Records from a dataset:
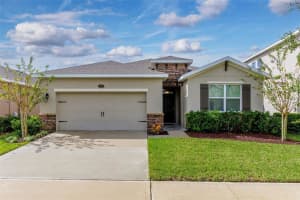 728 E VICTORIA TRAILS BLVD, DELAND, FL 32724 Sold 01/19/23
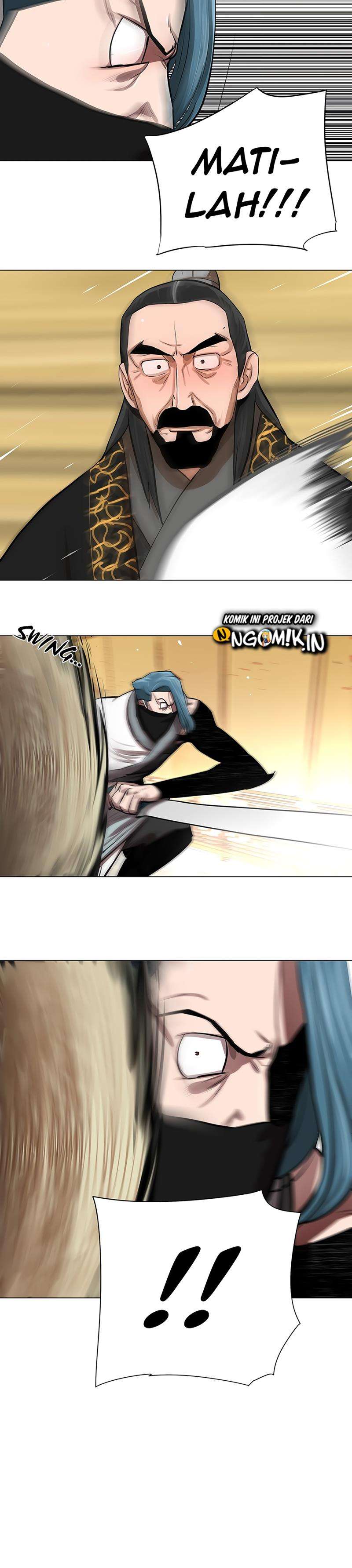 image-komik-escort-warrior-chapter-20-21/26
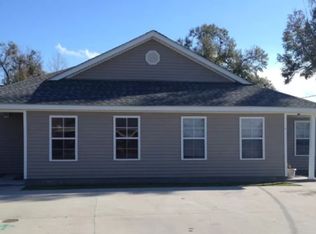 125 Carter St #B, New Iberia, LA 70560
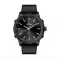 KEYDIY KD Smart Watch Remote KEYTIME Analog Work With KD-X2 Device BKT-02-0 thumb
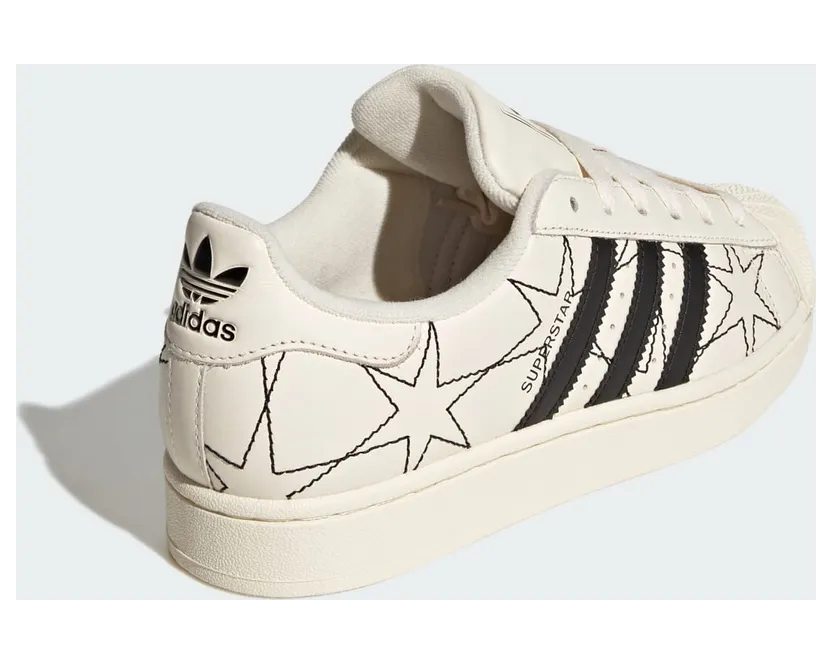 adidas-superstar IH4123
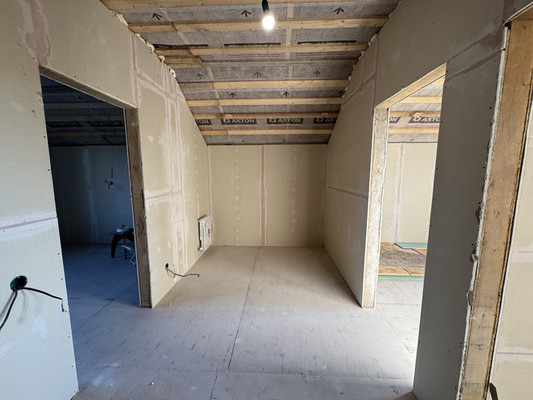 Продам дом, Обнорского ул, Казань г, 0 км от города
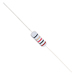 F2W010         - Fusible Power Oxide Resistors 2 Watt image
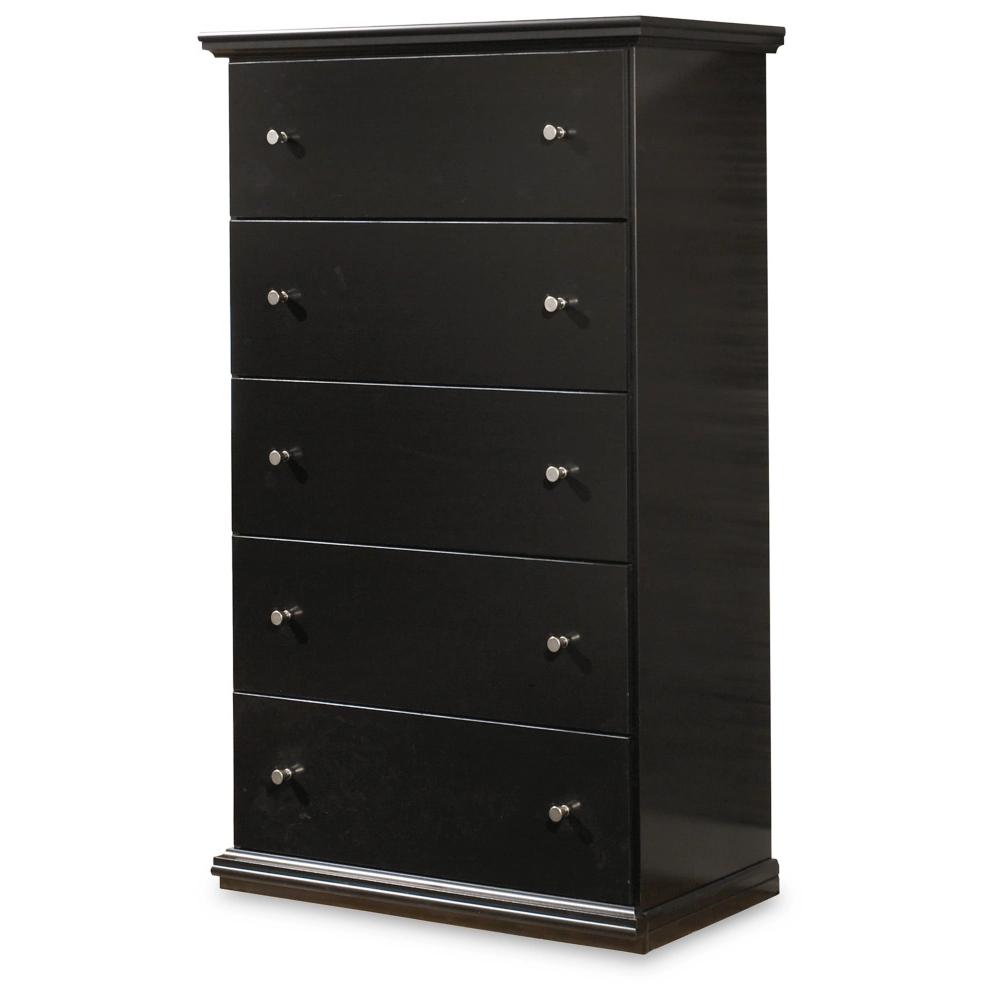 Signature Design by Ashley Maribel 5-Drawer Chest B138-46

* [EXERCISE AIM] Pictures aside, return all the entries above exactly.

* [OUTPUT OF THE EXERCISE]
 728 E VICTORIA TRAILS BLVD, DELAND, FL 32724 Sold 01/19/23
 image-komik-escort-warrior-chapter-20-21/26
 125 Carter St #B, New Iberia, LA 70560
 KEYDIY KD Smart Watch Remote KEYTIME Analog Work With KD-X2 Device BKT-02-0 thumb
 adidas-superstar IH4123
 Продам дом, Обнорского ул, Казань г, 0 км от города
 F2W010         - Fusible Power Oxide Resistors 2 Watt image
 Signature Design by Ashley Maribel 5-Drawer Chest B138-46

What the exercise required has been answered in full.